Docker Best Practices: Build Efficient, Secure Containers

I just ran docker images on the “Hello World” container you pushed to the registry.

REPOSITORY          TAG       IMAGE ID       CREATED          SIZE
hello-world-app     latest    f3a2b1c0d9e8   2 minutes ago    2.14GB

Two. Gigabytes. For a Python script that prints “Hello World” and exits. In 1994, I was managing entire SunOS clusters on less disk space than you’ve wasted on a single container layer. You’ve managed to package an entire operating system, a compiler toolchain, three different versions of the Python interpreter, and probably the developer’s local Downloads folder into a single OCI image.

This isn’t “modern development.” This is a digital crime scene. You’ve treated Docker like a virtual machine, and in doing so, you’ve created a slow, insecure, and unmaintainable nightmare that I now have to fix before it touches my production nodes.

Table of Contents

THE CRIME SCENE: A 2GB HELLO WORLD MANIFESTO

Here is the Dockerfile you handed me. I’ve printed it out just so I could physically throw it in the trash, but for the sake of this post-mortem, let’s look at the wreckage:

# THE CRIME SCENE
FROM ubuntu:latest

# Running update without cleaning up the cache
RUN apt-get update
RUN apt-get install -y python3 python3-pip build-essential

# Using ADD instead of COPY for no reason
ADD . /app
WORKDIR /app

# Installing dependencies as root
RUN pip3 install -r requirements.txt

# No user defined, running as root
CMD ["python3", "hello.py"]

THE RECKONING: DISSECTING YOUR INCOMPETENCE

Let’s go through this line by line, because apparently, the concept of “efficiency” has been lost to your generation of “move fast and break things” developers.

1. FROM ubuntu:latest
You used the latest tag. Never use the latest tag. It is a non-deterministic pointer to whatever the maintainer felt like pushing five minutes ago. When this build fails in six months because ubuntu:latest moved from 22.04 to 24.04 and broke a dependency, I’m not the one who’s going to stay up until 3 AM fixing it. You are. Furthermore, ubuntu is a general-purpose distribution. It contains binaries for things your app will never touch—utilities for hardware management, internationalization files, and man pages. You don’t need sed, awk, or grep inside a container that only runs a Python script.

2. Multiple RUN commands
Every RUN instruction in a Dockerfile creates a new layer in the filesystem. You ran apt-get update in one layer and apt-get install in another.

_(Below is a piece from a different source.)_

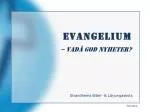Evangelium – vadå god NYHETER? - slide 1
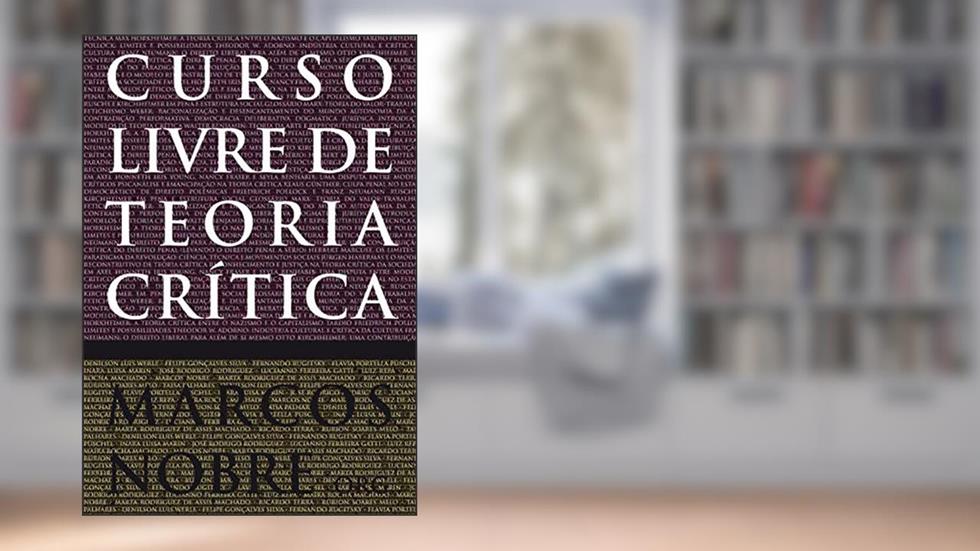 Curso livre de Teoria Crítica, do autor Marcos Nobre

Do you know what that does? It stores the entire package index in the first layer. Even if you tried to delete it in a later layer, it stays in the image history forever. It’s like painting a wall black, then painting it white, and wondering why the coat of paint is so thick.

3. build-essential in a production image
Why is gcc, g++, and make in my production environment? Unless your app is compiling C extensions at runtime (which it shouldn’t be), this is a massive security risk. If an attacker gains shell access to your container, you’ve kindly provided them with all the tools they need to compile a rootkit or a crypto-miner right on the spot.

4. The ADD instruction
You used ADD . /app. The ADD instruction is a relic. It has “magic” features like auto-extracting tarballs and fetching remote URLs. Unless you specifically need that magic, use COPY. It’s explicit. It’s predictable. And because you didn’t include a .dockerignore file, you just copied your .git directory, your __pycache__, and your local environment variables into the image. That’s where that 2GB is coming from.

5. Running as root
You didn’t define a USER. By default, Docker runs as root. If there is a container escape vulnerability in the kernel (and there will be), the attacker doesn’t just have your app; they have the host. Running as root in a container is a firing offense in my book.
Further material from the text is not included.